People will turn down free money if they think the deal is unfair.
The ultimatum game is a simple game which shows this.
The first player is given £100. They then choose to give a proportion of that money to the second player. The second player can then accept or reject the money. If they accept then both players get the split of the money that was offered, if they reject the offer then both players get nothing.
For example: Dave is given £100, he offers Bob £20. If Bob accepts he will get the £20 and Dave will keep £80. If Bob rejects the offer then both of them get nothing.
If you believe that everyone is perfectly rational, which is the traditional assumption in economics, then Bob will accept any offer at all, even £1, because this will make him better off than rejecting it. He won’t be bothered that Dave is keeping £99 and only making him a tiny offer.

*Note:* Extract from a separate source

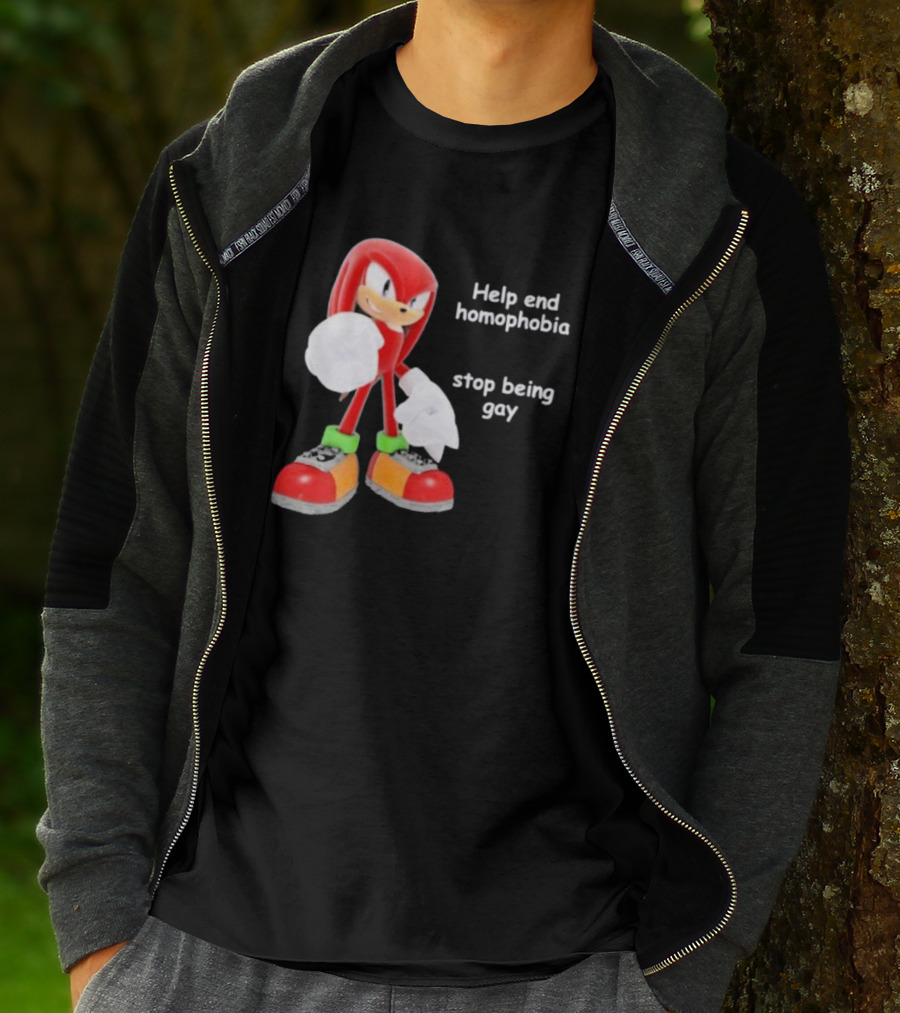Help End Homophobia Stop Being Gay Knuckles Sonic T-Shirt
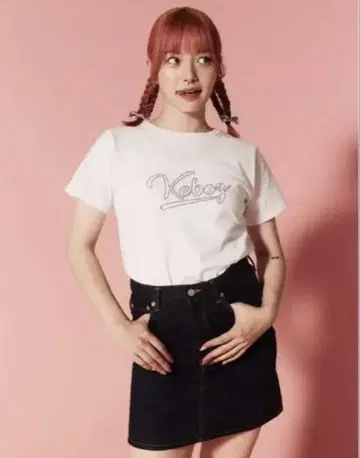 Keboz 큐빅 로고 T셔츠 화이트 반팔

This doesn’t happen in reality. People have an inherent sense of fairness and if they think that an offer is not fair then they will reject it, even though they are turning down free money.
Interestingly, different results are observed in different countries.
In countries where there is a high level of respect for authority the offers made will tend to be lower. Players assume that the other player will respect their authority as that is the norm in their country. An experiment in Peru, where there is a high level of respect for authority, showed average offers of just 26% of the money. The average is US experiments is about 40%.
Acceptance of an offer also varies by country. In the Peruvian experiment it took an offer as low as 5% for it to be rejected. In France offers less than 30% of the money tended to be rejected.
Think about this in terms of how to manage an organization. People expect that the rewards of a venture will be split on a reasonably equitable basis and if they feel that they aren’t then they will be dissatisfied.